- [AIM OF THE TASK]:
Exactly as they appear, please output the lines from the one with "8 Strand Necklace - Hunter Green" through the end of the material, without pictures.

- [RECORDS FOR THE TASK]:
※ ※ ※
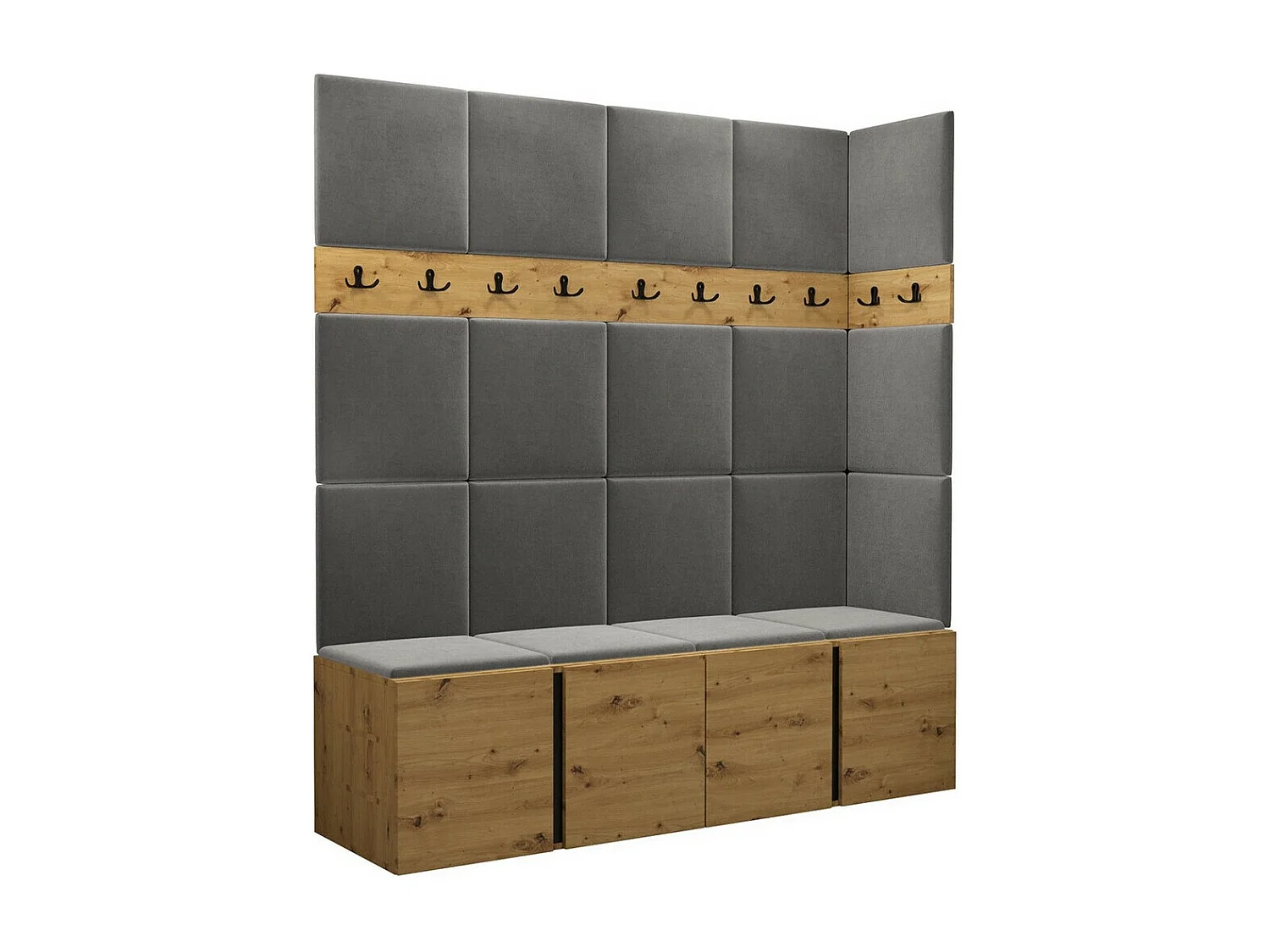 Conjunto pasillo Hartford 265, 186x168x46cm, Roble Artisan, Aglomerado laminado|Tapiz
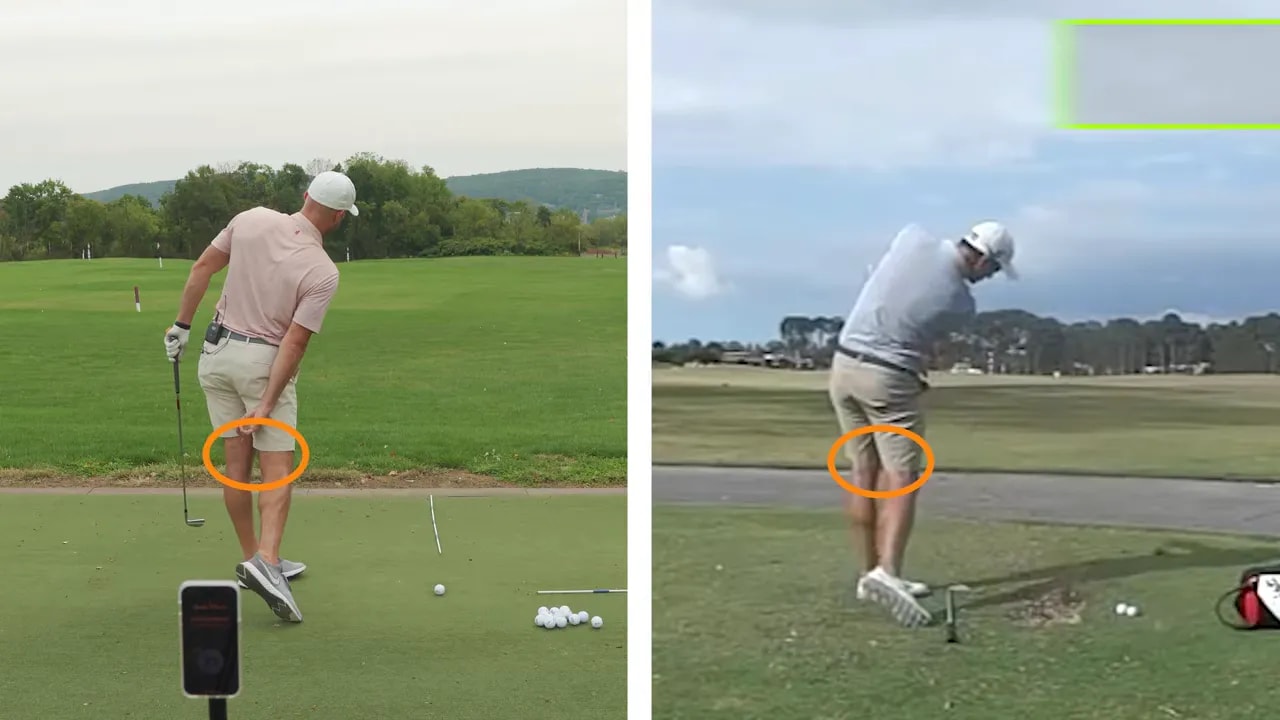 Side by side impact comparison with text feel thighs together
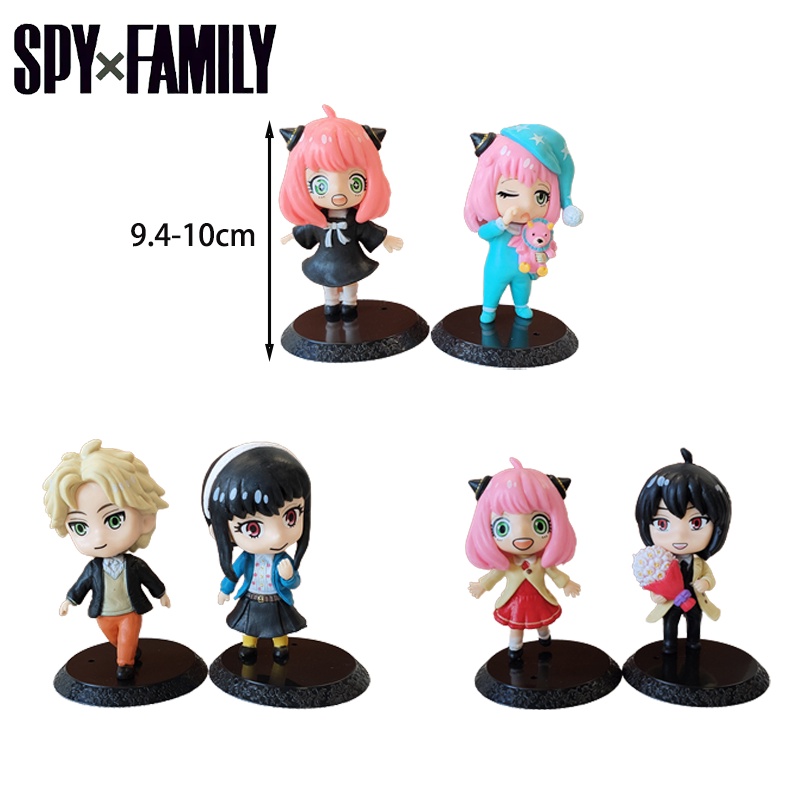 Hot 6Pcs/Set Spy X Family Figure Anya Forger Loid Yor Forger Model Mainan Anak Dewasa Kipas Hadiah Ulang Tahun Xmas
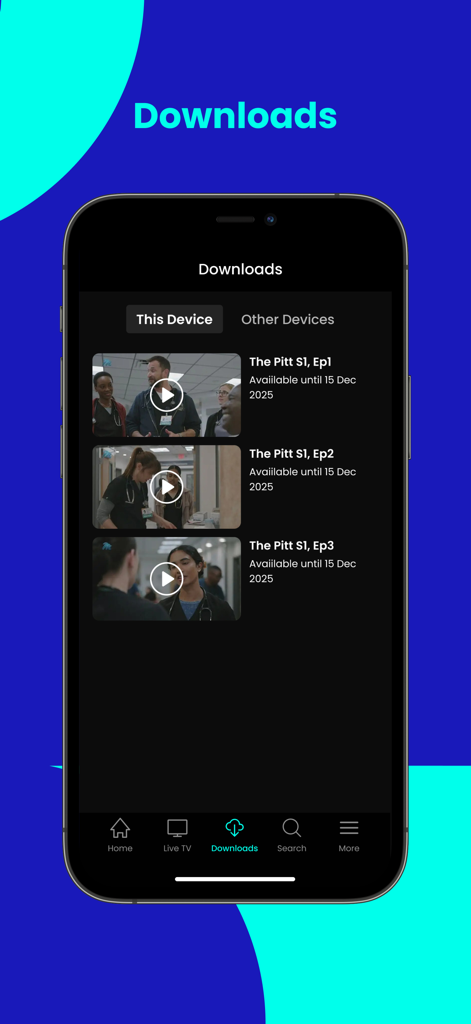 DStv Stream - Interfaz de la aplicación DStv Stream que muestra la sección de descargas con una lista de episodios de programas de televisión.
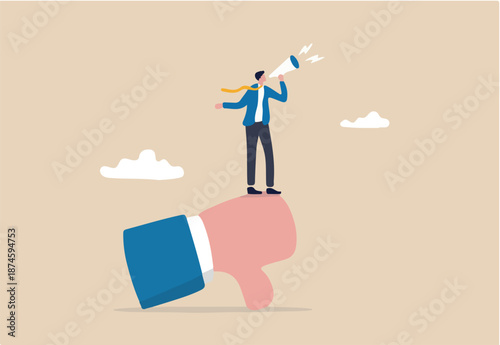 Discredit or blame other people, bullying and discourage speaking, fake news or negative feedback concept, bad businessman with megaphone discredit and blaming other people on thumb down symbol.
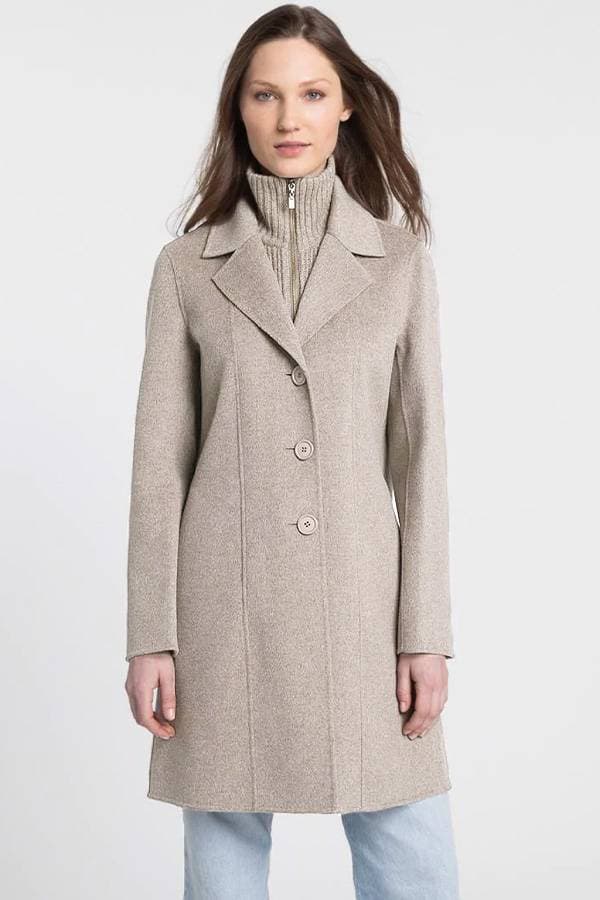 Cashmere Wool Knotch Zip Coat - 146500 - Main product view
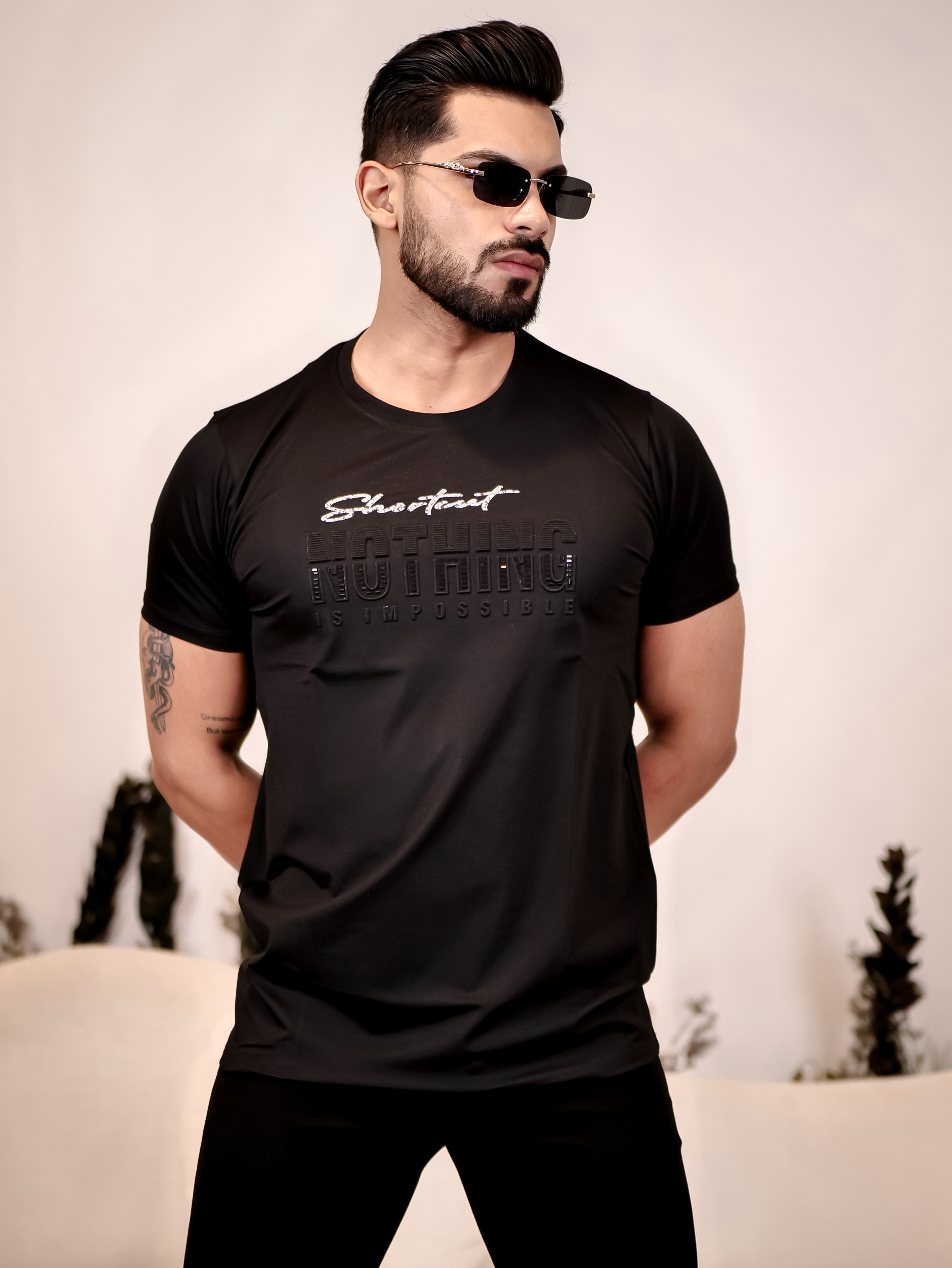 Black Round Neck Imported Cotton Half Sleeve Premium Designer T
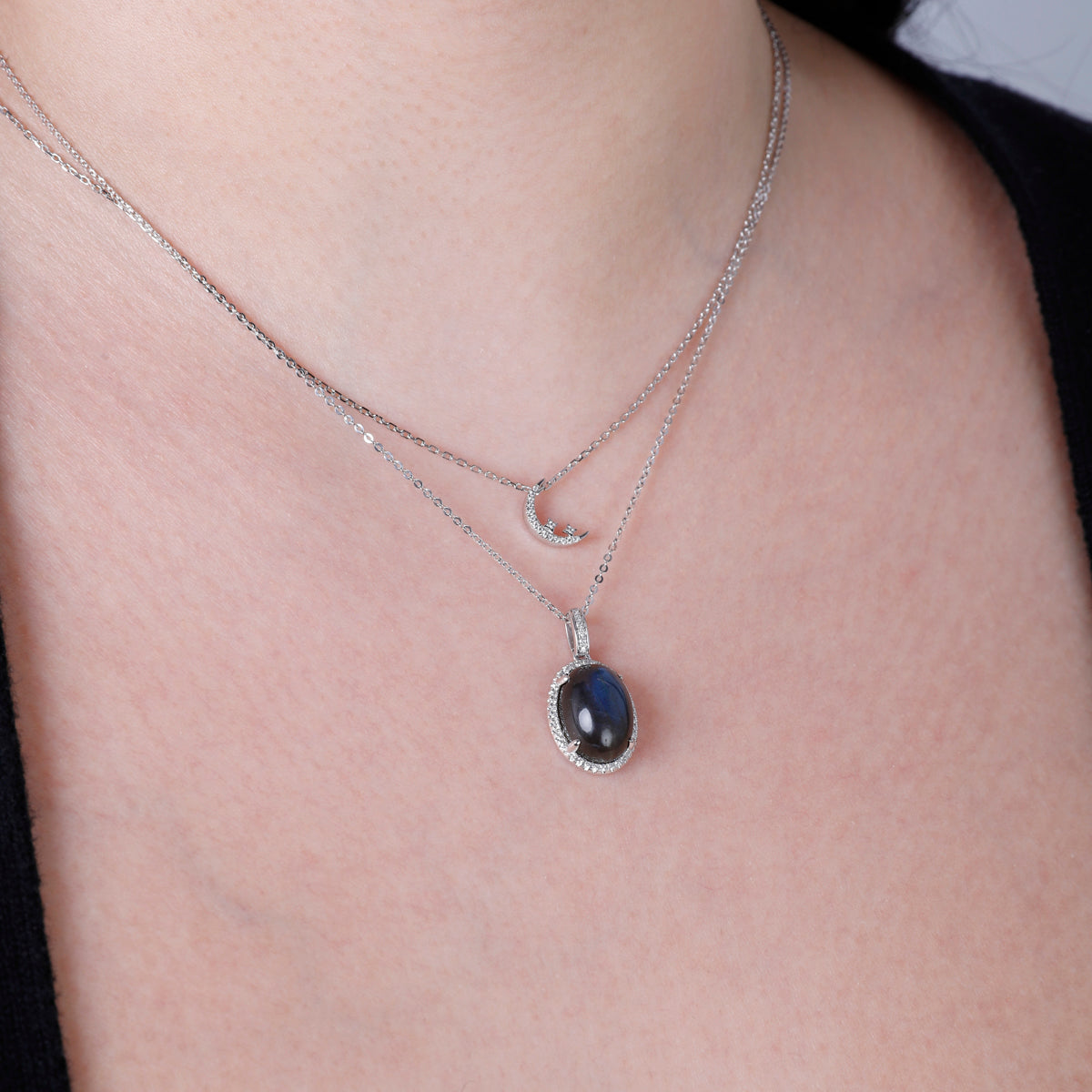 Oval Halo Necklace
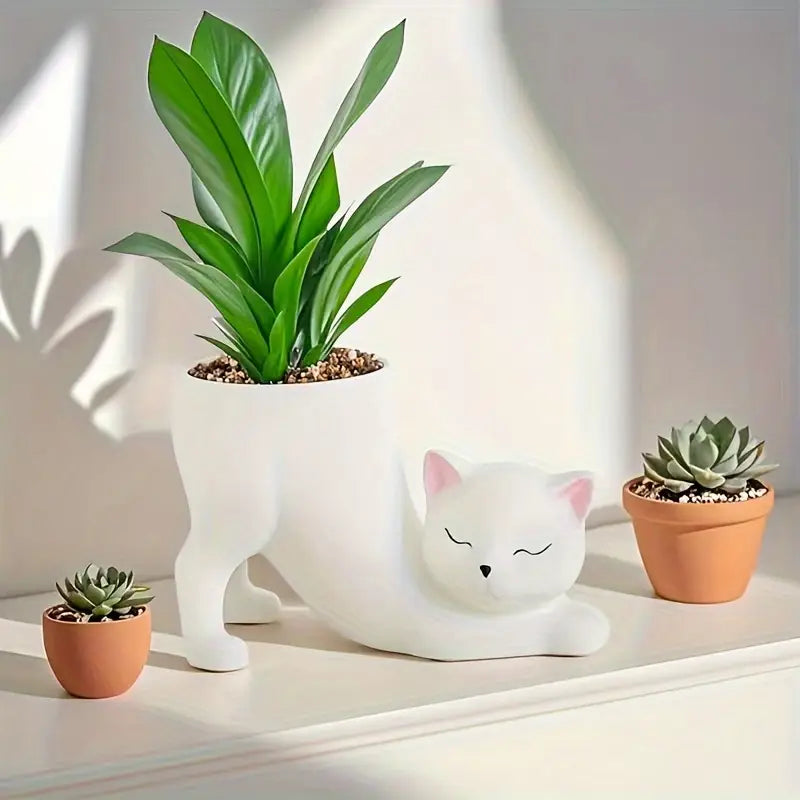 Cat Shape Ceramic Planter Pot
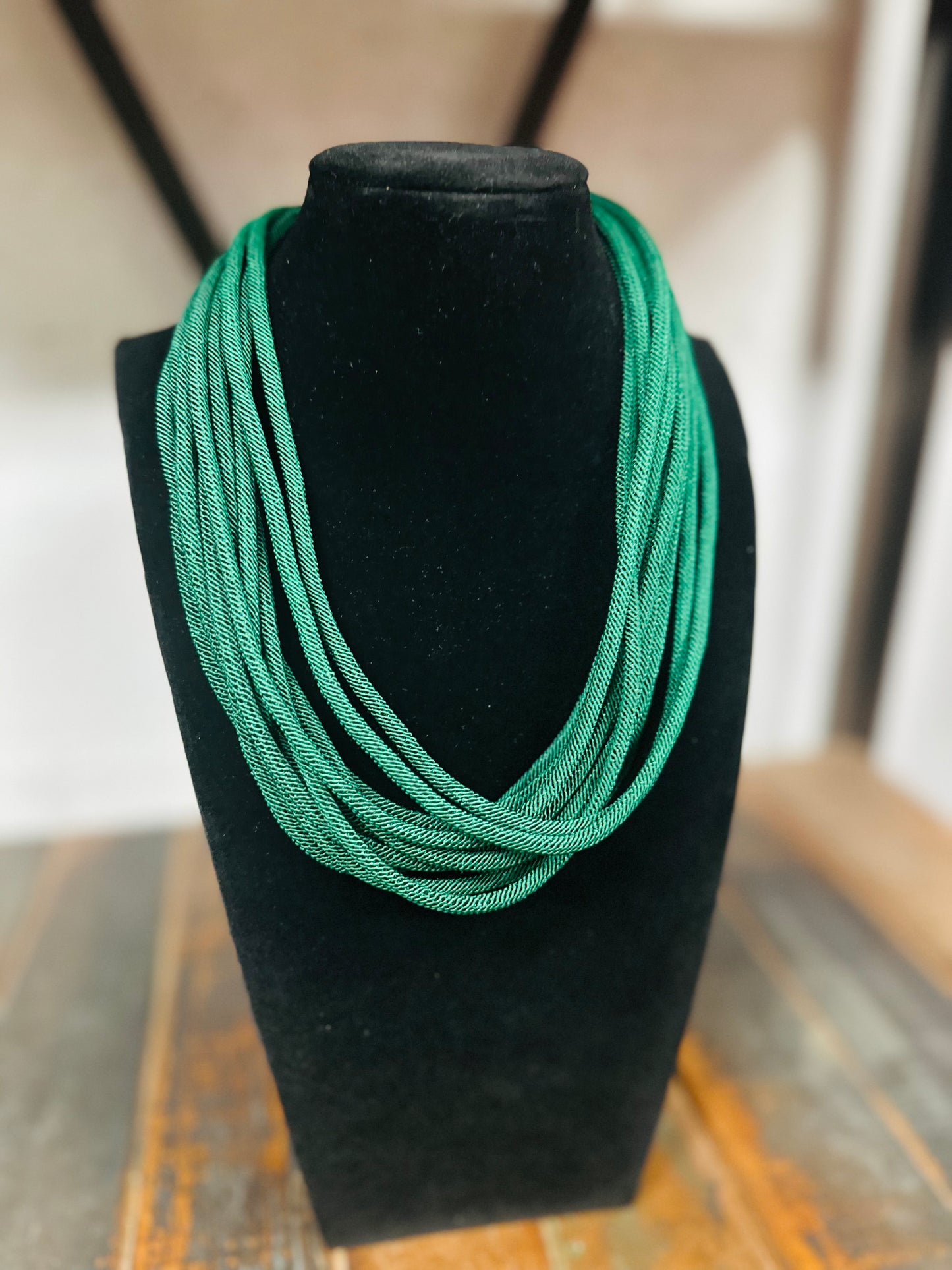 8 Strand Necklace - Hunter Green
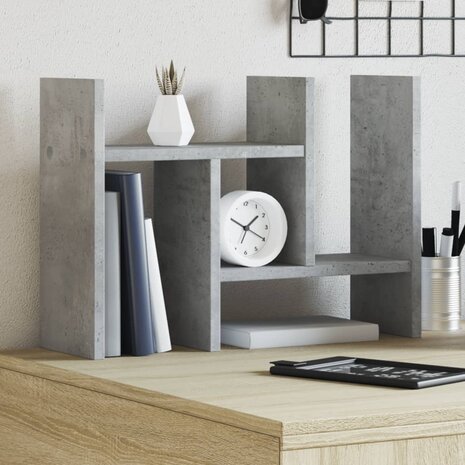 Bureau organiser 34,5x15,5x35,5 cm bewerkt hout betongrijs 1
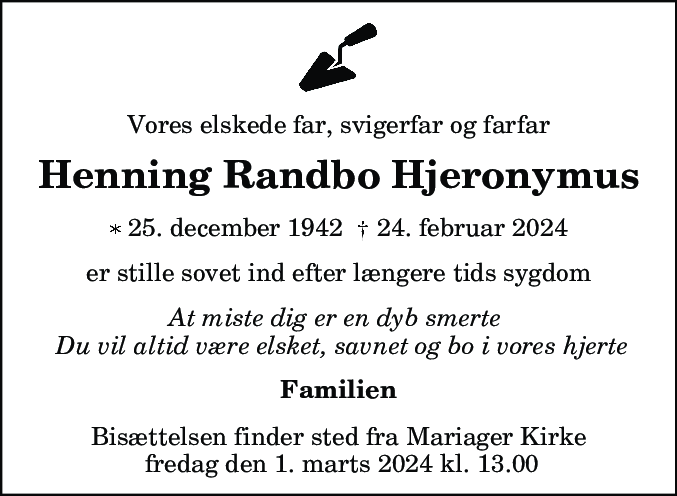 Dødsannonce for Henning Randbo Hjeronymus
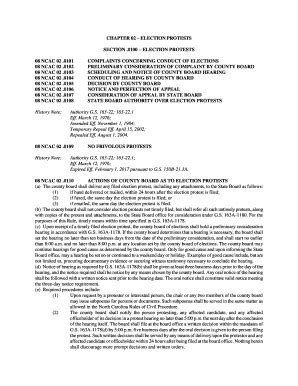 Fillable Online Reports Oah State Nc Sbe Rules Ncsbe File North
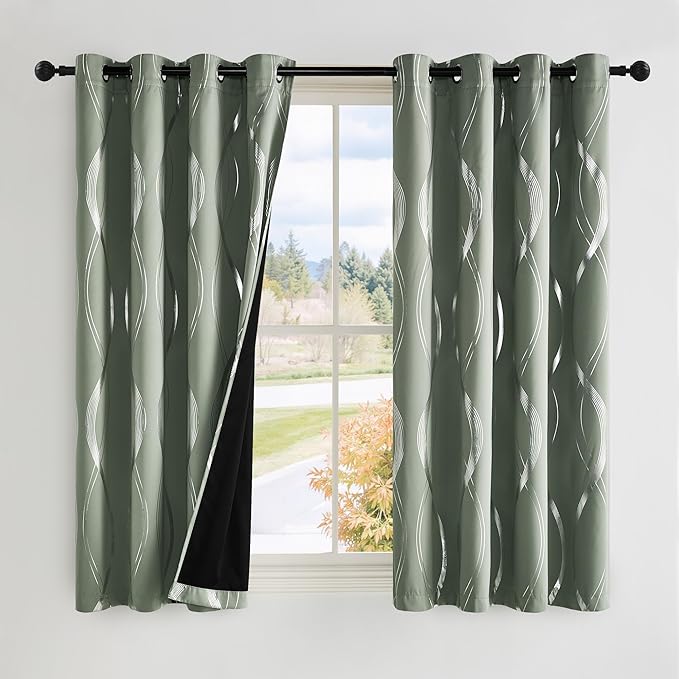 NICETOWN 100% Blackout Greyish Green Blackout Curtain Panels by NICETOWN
※ ※ ※
- [EXPECTED ANSWER]:
 8 Strand Necklace - Hunter Green
 Bureau organiser 34,5x15,5x35,5 cm bewerkt hout betongrijs 1
 Dødsannonce for Henning Randbo Hjeronymus
 Fillable Online Reports Oah State Nc Sbe Rules Ncsbe File North
 NICETOWN 100% Blackout Greyish Green Blackout Curtain Panels by NICETOWN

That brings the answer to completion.